Namun demikian, isu harga bisa menjadi sandungan untuk beberapa kerjasama. Dalam hal ini, peran Pemerintah sangat dibutuhkan, seperti pemberian insentif. Beberapa jenis insentif fiskal saat ini telah diberikan Pemerintah untuk pemanfaatan energinya. Insentif fiskal sebaiknya diberikan juga pada sisi hulunya, yaitu pada penyediaan biomassa untuk energi. Peran Pemerintah juga sangat penting dalam pengaturan kembali Provisi Sumber Daya Hutan (PSDH).
Selanjutnya para penyedia batubara juga diharapkan untuk dapat berkontribusi dalam penyediaan B3M ini. Mekanisme reward dan punishment yang dikaitkan dengan mekanisme Domestic Market Obligation (DMO) batubara dan pajak karbon dapat diterapkan untuk mengakselerasi transisi energi.
Penggunaan pelet dari sampah kota juga dapat menjadi pilihan untuk memperkaya penggunaan feedstock bagi teknologi co-firing. Dalam hal ini, selain Pemerintah Pusat, peran Pemerintah Daerah juga sangat penting terkait manajemen dan pengolahan sampah kota.

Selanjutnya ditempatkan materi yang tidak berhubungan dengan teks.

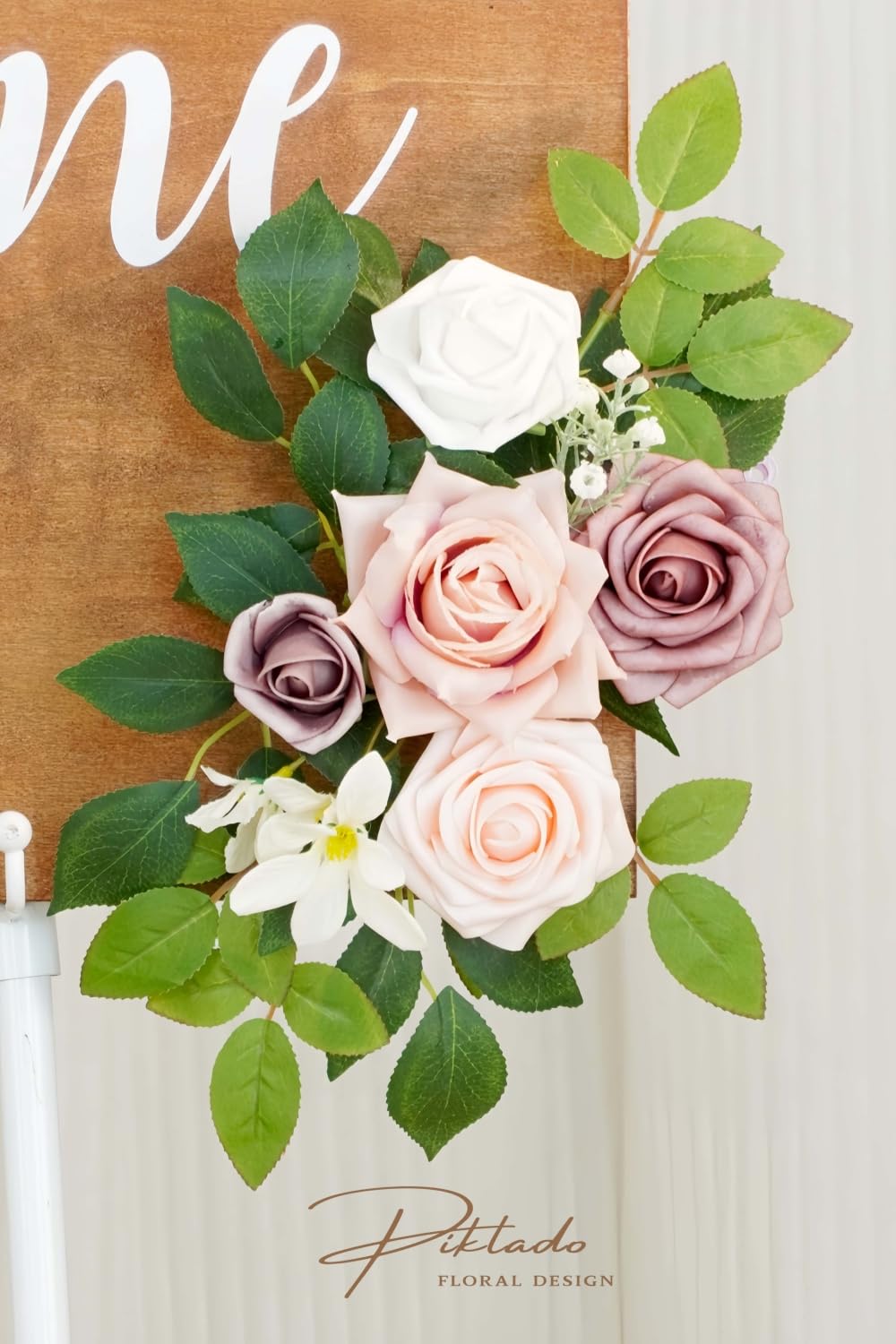 Hochzeitsdekoration (2 Stück) Willkommensschild, Blumen-Hintergrund, Girlande für Zeremonie, Empfang, Wandstaffelei, Heimdekoration, Eingangsbereich, Kunsttafel, Tischdekoration, (Dusty Rose)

Terkait dengan kestabilan pasokan biomassa di pasar domestik, dalam waktu dekat, Pemerintah sebaiknya mengatur secara apik terkait dengan pengaturan ekspor biomass tersebut. Kebutuhan biomassa untuk penyediaan energi dalam negeri dapat menjadi pertimbangan Pemerintah dalam memberikan rekomendasi ekspor.
Selain PLN, penggunaan teknologi co-firing ini juga harus terus didorong pada penyedia listrik lainnya sebagai pemegang pemegang izin usaha penyediaan tenaga listrik untuk kepentingan umum terintegrasi, dan pemegang izin usaha penyediaan tenaga listrik untuk kepentingan sendiri.
Fitria Astuti Firman adalah Analis Kebijakan Ahli Madya di Sekretariat Jenderal Dewan Energi Nasional (Setjen DEN) dan anggota dari Indonesia Strategic Management Society (ISMS).